Obligatory Reinsurance

What is 'Obligatory Reinsurance'

A reinsurance treaty in which the ceding insurer agrees to send a reinsurer all policies which fit within the guidelines of the reinsurance agreement. An obligatory reinsurance treaty, also called an automatic treaty, requires the reinsurer to accept these policies.

BREAKING DOWN 'Obligatory Reinsurance'

Insurers looking to shift the risks created by their underwriting activities can enter into a reinsurance arrangement with a reinsurer. There are two primary types of reinsurance arrangements: facultative and treaty. In a facultative reinsurance arrangement the reinsurer is able to choose which of the ceding insurer’s risks it wants to accept, while in a treaty reinsurance arrangement the reinsurer is obligated to accept all risks provided that they fall within the terms of the contract.

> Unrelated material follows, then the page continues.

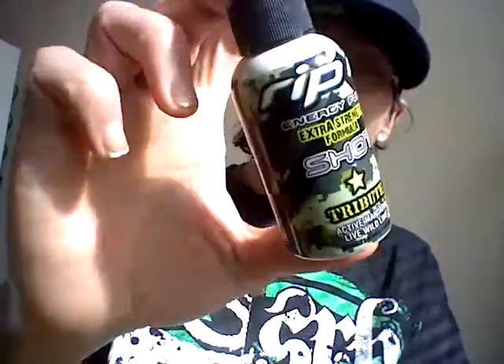Now, to the caffeine — taurine, 120mg. Caffeine, 135mg. And then you got your glucuronolactone and your glutamine, whatever. Anyways, the good stuff I care about is the caffeine, and there's 135mg.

Obligatory reinsurance is a type of treaty reinsurance in which an insurer is required to cede and a reinsurer required to accept all risks that meet a set of predetermined conditions. This allows the insurer and reinsurer to develop a long-term relationship, as the insurer does not have to find a new reinsurer for every new risk. Each risk is automatically accepted under the terms of the arrangement, even if the insurer has yet to notify the reinsurer.

Because obligatory reinsurance features automatic acceptance, both the insurer and reinsurer need to be certain that the terms of the agreement include an accurate description of the type of risks that the treaty covers. This is an important step in removing ambiguities that, if left unaddressed, may require the arrangement to be canceled. If the ambiguities are discovered too late, it may be difficult to unwind the arrangement since risks may have already been exchanged.

Automatic acceptance also increases the risk of insolvency. Each party will want to make sure that the other is being managed properly, and that the interests of the ceding insurer align with those of the reinsurer.